Omit the pictures, then write out every entry exactly as it reads.

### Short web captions
=======

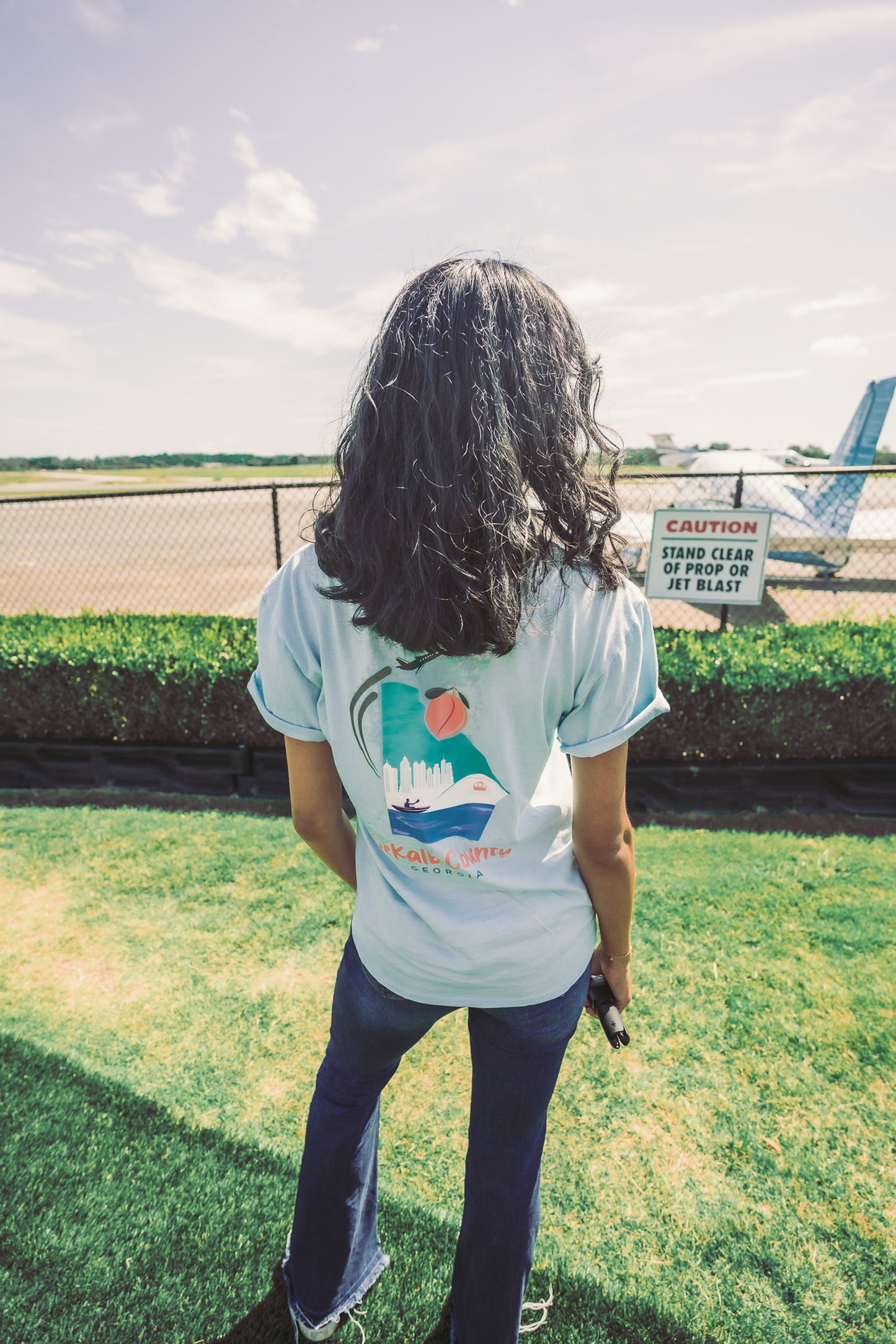Everyday Pride | Light Blue & Red DeKalb Shirts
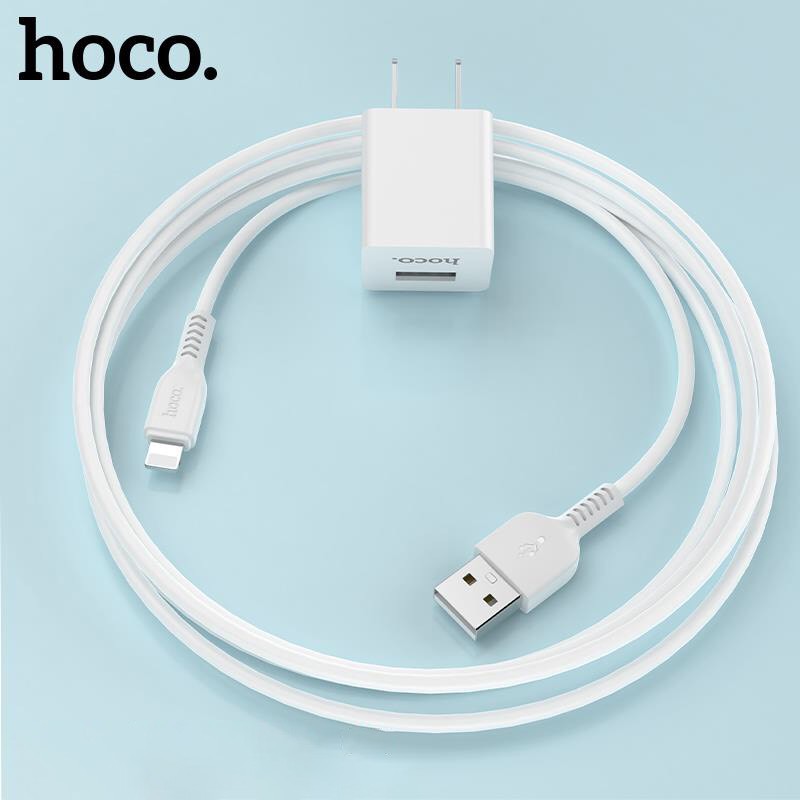 Bộ Củ Sạc Hoco UH102 + Cáp Sạc Lightning Hoco Kèm Theo [CHÍNH HÃNG]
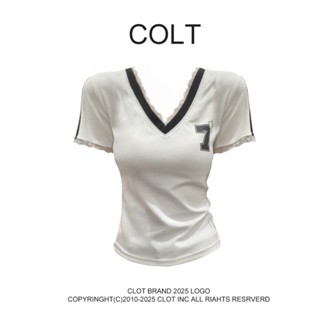 áo baby tee ôm body trắng 100% cotton xinh kiểu dáng cute hàn quốc đẹp CLOT  mùa hè sơ mi ren áo thun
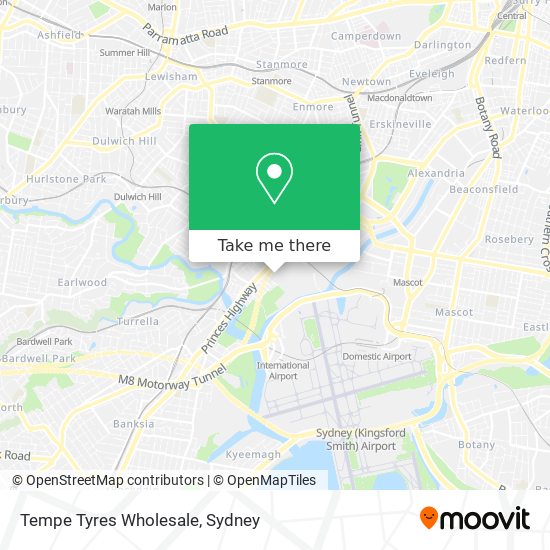 Mapa Tempe Tyres Wholesale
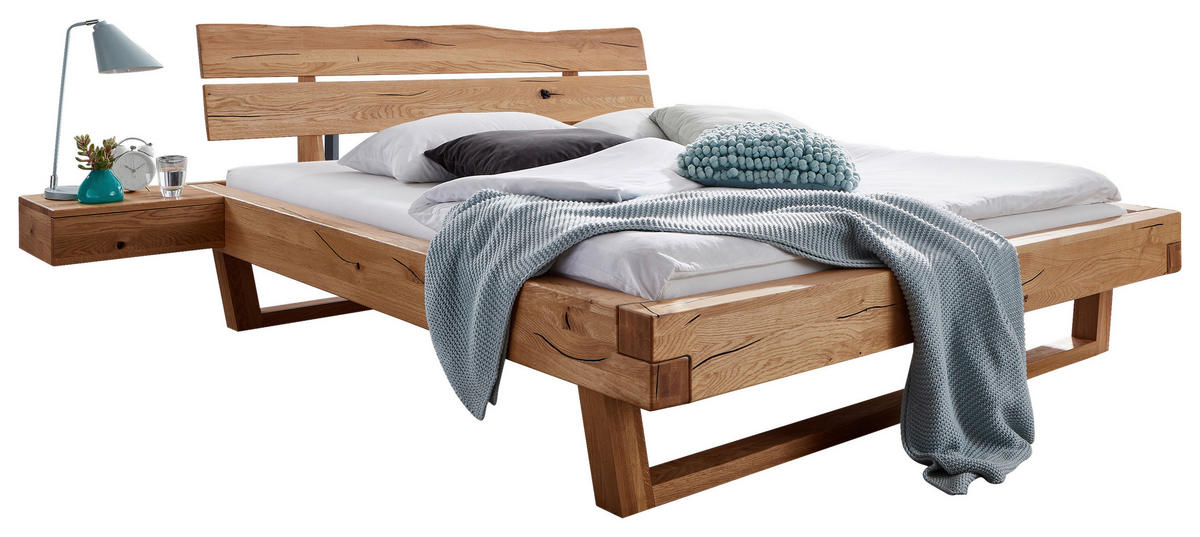 BALKENBETT 200/200 cm,  in Wildeiche,  - Wildeiche, MODERN, Holz (200/200cm) - Livetastic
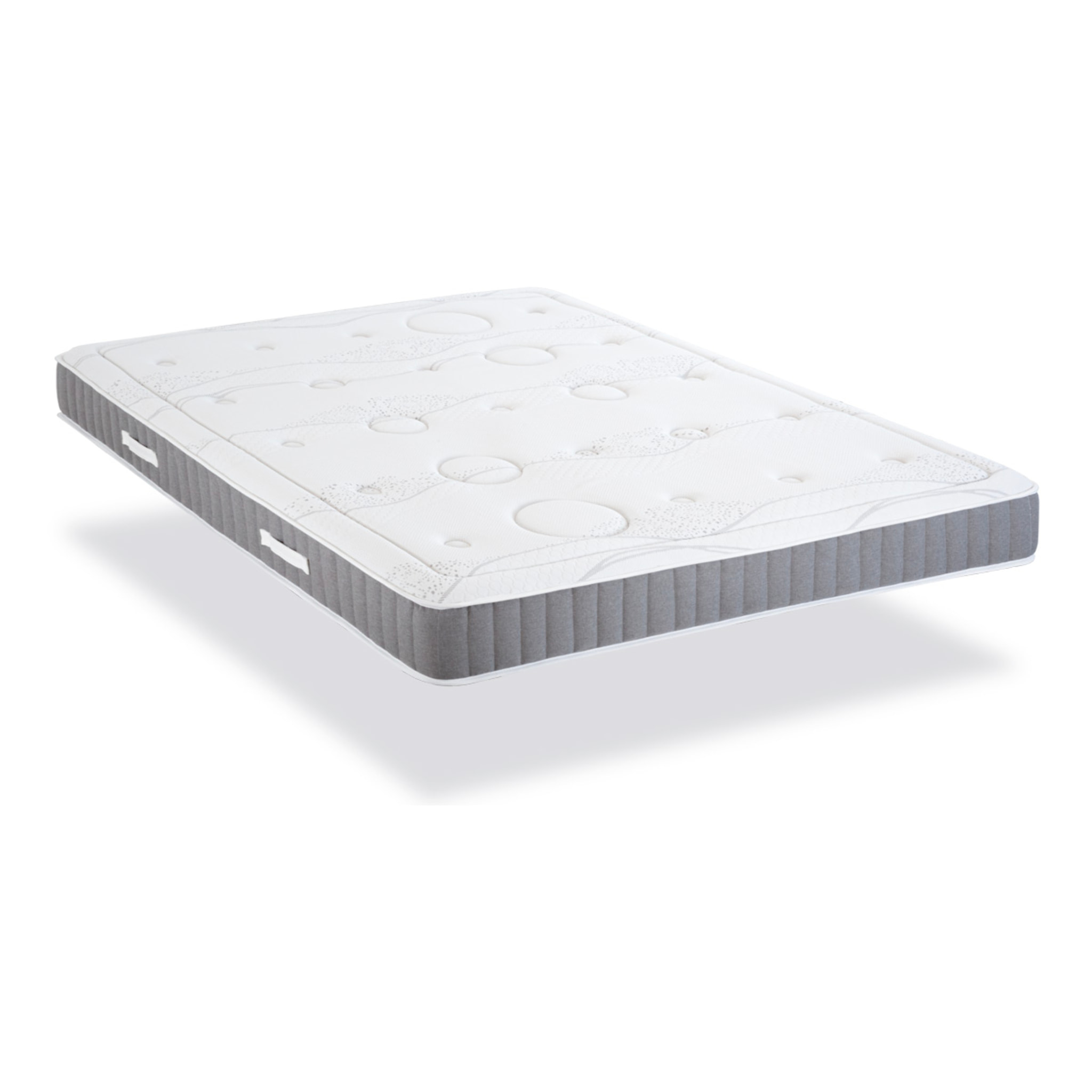 Ensemble Matelas Intuition & Sommier KIT15, Mémoire de Forme, technologie Tri-Lattes, Soutien Ferme, Mousse Haute Densité Recyclée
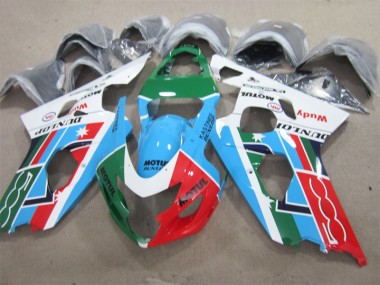 Azul Verde Blanco Motul Carenado Moto Suzuki GSXR 600 K1 K2 K3 2001-2003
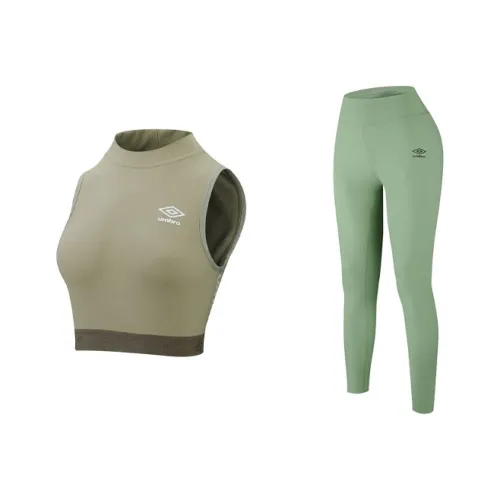 Umbro Набор Carapace Зеленый + Горный зеленый Женские Фитнес-комплекты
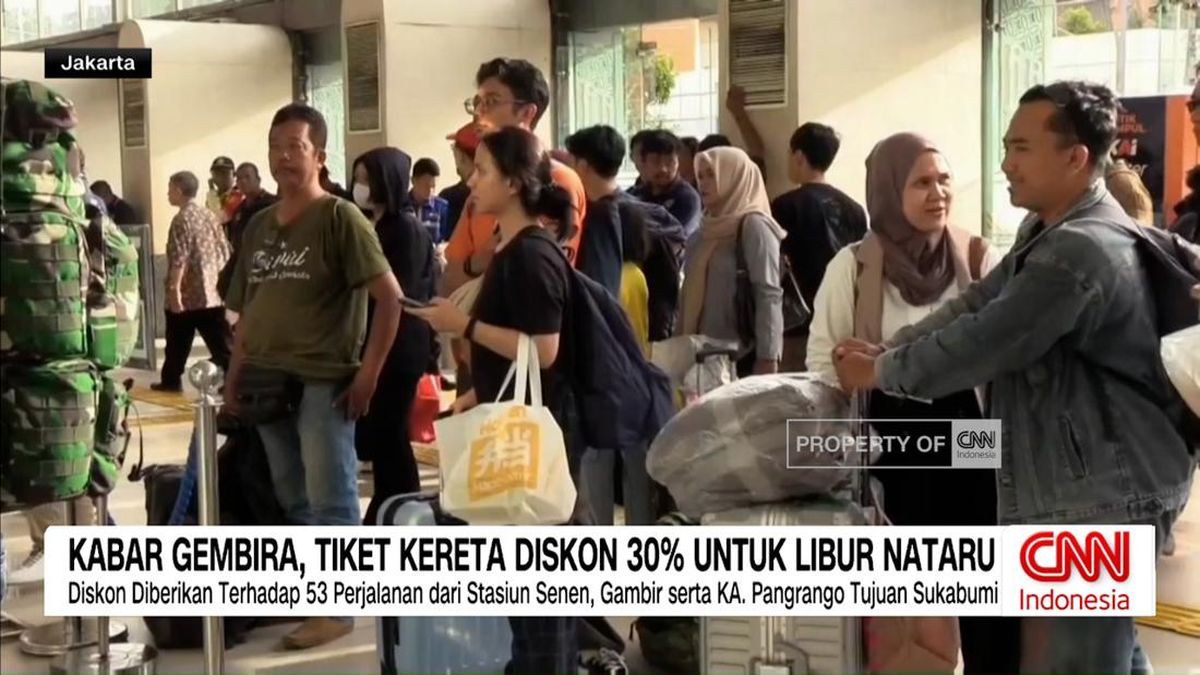 VIDEO: Kabar Gembira, Tiket Kereta Diskon 30% Untuk Libur Nataru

=======

### Exercise output
Everyday Pride | Light Blue & Red DeKalb Shirts
 Bộ Củ Sạc Hoco UH102 + Cáp Sạc Lightning Hoco Kèm Theo [CHÍNH HÃNG]
 áo baby tee ôm body trắng 100% cotton xinh kiểu dáng cute hàn quốc đẹp CLOT  mùa hè sơ mi ren áo thun
 Mapa Tempe Tyres Wholesale
 BALKENBETT 200/200 cm,  in Wildeiche,  - Wildeiche, MODERN, Holz (200/200cm) - Livetastic
 Ensemble Matelas Intuition & Sommier KIT15, Mémoire de Forme, technologie Tri-Lattes, Soutien Ferme, Mousse Haute Densité Recyclée
 Azul Verde Blanco Motul Carenado Moto Suzuki GSXR 600 K1 K2 K3 2001-2003
 Umbro Набор Carapace Зеленый + Горный зеленый Женские Фитнес-комплекты
 VIDEO: Kabar Gembira, Tiket Kereta Diskon 30% Untuk Libur Nataru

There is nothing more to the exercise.